He gave me a queer look and fell silent for a moment. Without saying a word, he reached into my bag and pulled out my seven-iron. His hands assumed the classic Vardon grip on the club, and he made a couple of practice swings. It was the first time I had ever seen him swing a golf club.

He then looked out at the middle flag, which was right at 150 yards from where we stood. Pointing to it, he said casually, “How about closest to the hole?”

“You’re on,” I said.

He rolled a ball over from the nearest pile, stood next to it, and made one of the smoothest golf swings I’d ever seen. As he came to the ball, he literally flicked his wrists through the hitting area. The ball took off high and slightly left of the flag. Just as it reached its apex, it rolled over to the right and fell softly to the earth, no more than eight feet or so from the flag.

I was stunned. When I recovered, I stammered, “That was no caddie’s swing.”

He laughed in my face. “You don’t think caddies can play golf?”

“Not like that,” I countered. “At least not any caddie I’ve ever known. I don’t know when or where, but you’ve been a player. That was no amateur swing.”

He notched his eyebrows in slight disdain. “Are you disparaging amateur golf?” Handing me my seven-iron, he added, “Bobby Jones was an amateur, you know, and he whipped the stuffing out of the professionals of his day.” Just in case I was thinking of challenging him, he added, “You can check the record for yourself if you doubt me at all.”

I started to argue the point, but somehow I knew he was right. Besides, I still had a shot to play. Getting inside Stewart’s ball was going to be tough.

I set a ball in a nice lie, settled into my address, and pulled the trigger. It was a good swing but a little off. I had come over the top ever so slightly, and the ball drifted left of the flag. It ended up about twenty-five feet away.

“You win,” I said, trying to sound gracious. “I hope the stakes weren’t high.”

Stewart chuckled. “We were only playing for pride.”

“Where’d you learn to hit that high-cut shot?”

He shrugged. “Actually, I tend to draw the ball. But, to get that ball close, the high fade was the better shape.”

I whistled. “You mean you just dialed that up on your first swing?”

He nodded. “You just picture it in your mind, and let it go.” He finished wiping the club clean. “It’s all a matter of trusting your swing.”

I remember thinking at the time that there was something eerily familiar about the long, syrupy swing I had just witnessed. Distinctively beautiful in its unhurried grace, it recalled an image that drifted along the outer edges of my mind, just out of reach. It was like the proverbial name that stays on the tip of your tongue, a faded image whose shadowy contours are not quite distinct enough to make out. It would come to me much later.

It was now approaching fall. One morning about a week or so later, Stewart sat me down after breakfast and handed me a form to complete. It was an application for Q-School.

“It’s not due for another two weeks,” he said, “but it’s not the sort of thing we should put off.”

Fingering the pages of the form, I said, “You know, I’m really looking forward to it this time.”

“That’s the spirit,” he said, clapping me on the back. “If we can’t have fun playing golf, there has to be something wrong with us, don’t you think?” With that said, he winked at me.

I completed the form that day. It didn’t occur to me to ask Stewart where the $4,000 entry fee came from.

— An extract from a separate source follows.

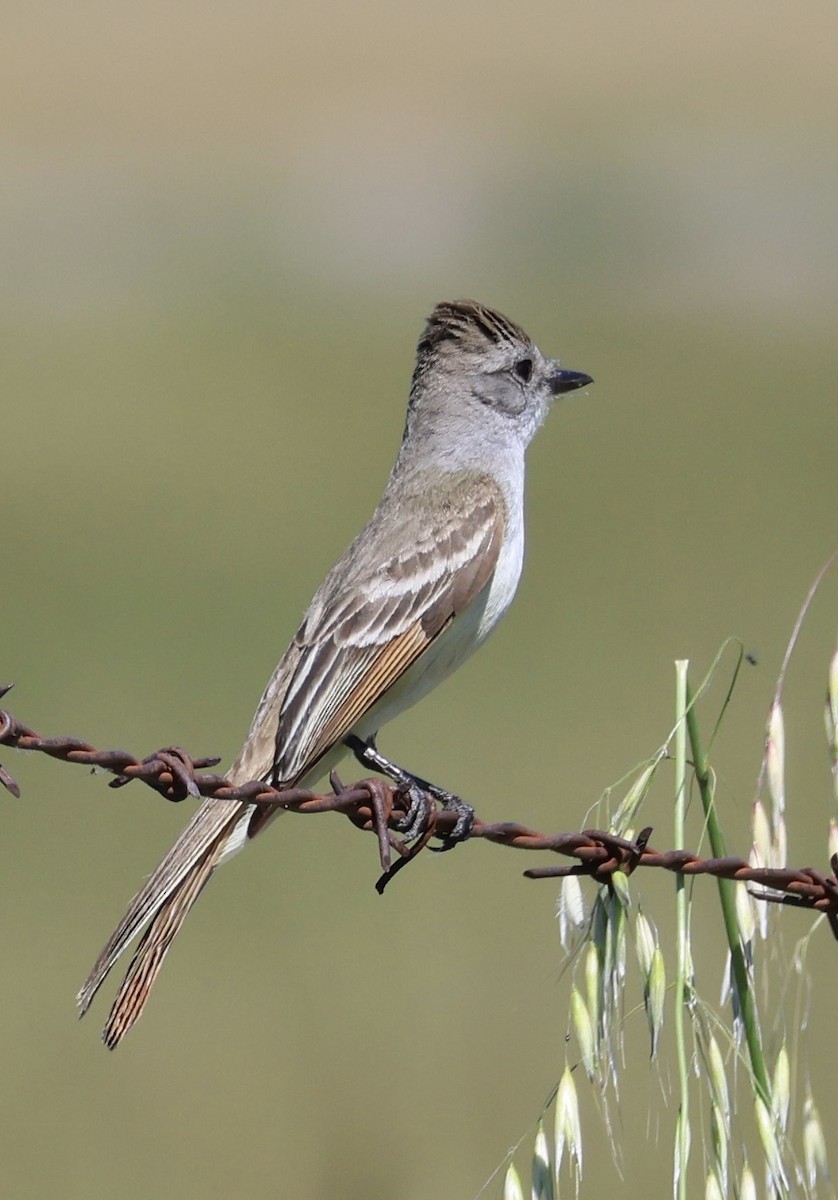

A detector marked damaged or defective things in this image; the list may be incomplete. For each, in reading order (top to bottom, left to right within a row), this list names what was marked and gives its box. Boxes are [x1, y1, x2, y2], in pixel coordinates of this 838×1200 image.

rusty barbed wire [1, 688, 838, 924]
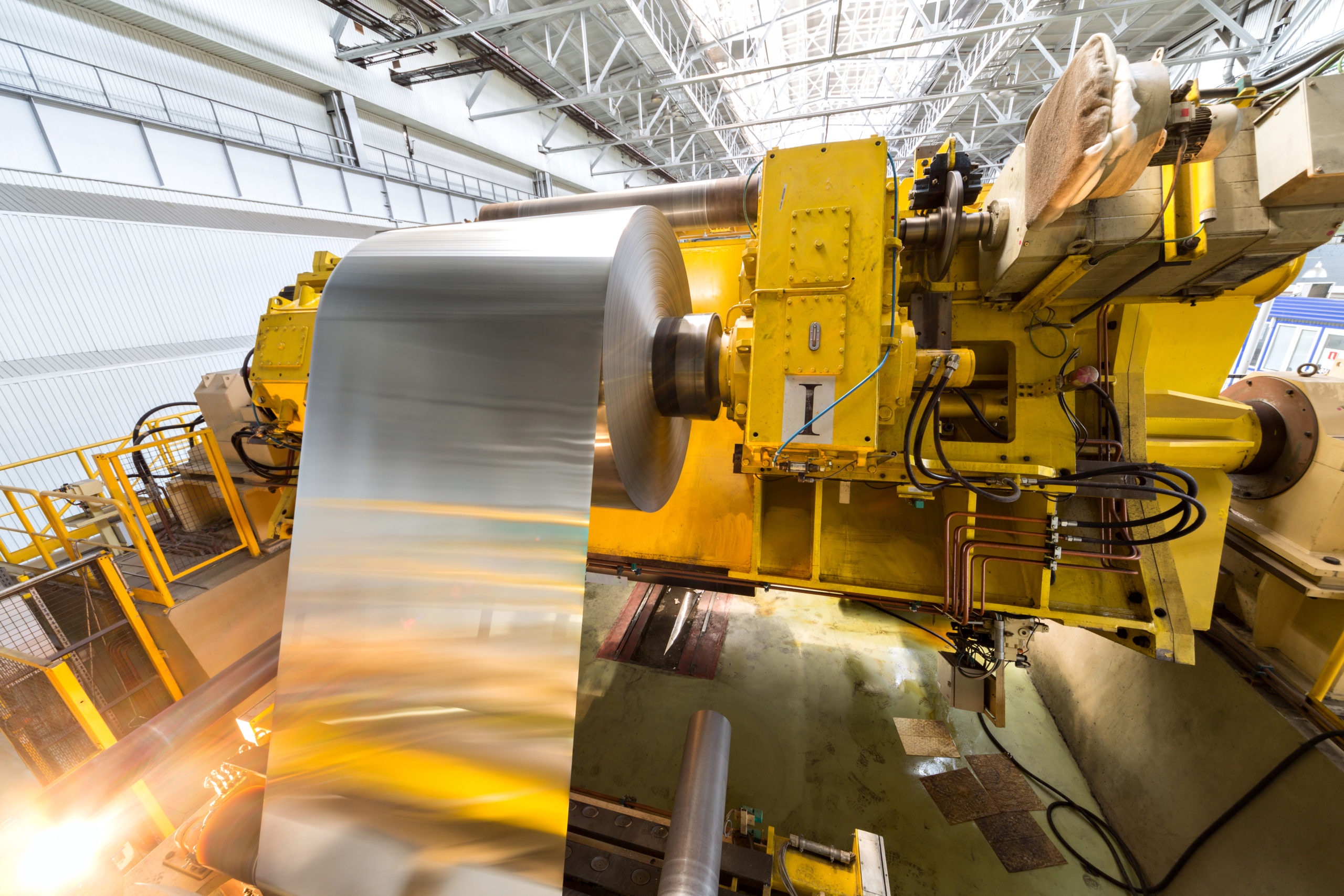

We continued to work daily on my game. Stewart’s efforts to divorce me from the mechanical aspects of the game were bearing fruit. I was becoming more of a feel player, and my swing began to flow with an energy and tempo that it never had before. Playing this way relaxed me, and my attitude on the course improved as well. I was less intense and therefore reacted better to the occasional bad break that was inevitable in virtually every round.

Before I knew it, it was time for the first stage of Tour qualifying. I knew the site well; we were going back to Champions in Houston. I was pleased not only because it was a great place for golf but also because I knew both courses well.

Q-School was a three-stage event. The first stage actually consisted of four regional tournaments, each having about 150 players. At Champions, we would play each course twice. There would be no cut. I guess they figured you should get more than two rounds of golf for $4,000, no matter how badly you played.

For Stewart and me, this would be our maiden voyage into the world of competitive golf. And there wasn’t a tougher place to start.

I thought there was pressure at the Amateur, but it was nothing compared to Q-School. Imagine pulling up to the parking lot and seeing all manner of wanna-bes mulling around, some with beat-up equipment that leaves you wondering how they scared up the money to play, and all of them wearing faces as long as an undertaker’s.

And that’s not the scary part. If you survive the first stage, it gets worse. That’s when you begin to see the familiar faces—guys you’ve watched play on television—pulling their clubs out of car trunks, too. Some of these guys have even won on Tour. It’s a chilling reminder that there is no such thing as a no-cut contract in professional golf.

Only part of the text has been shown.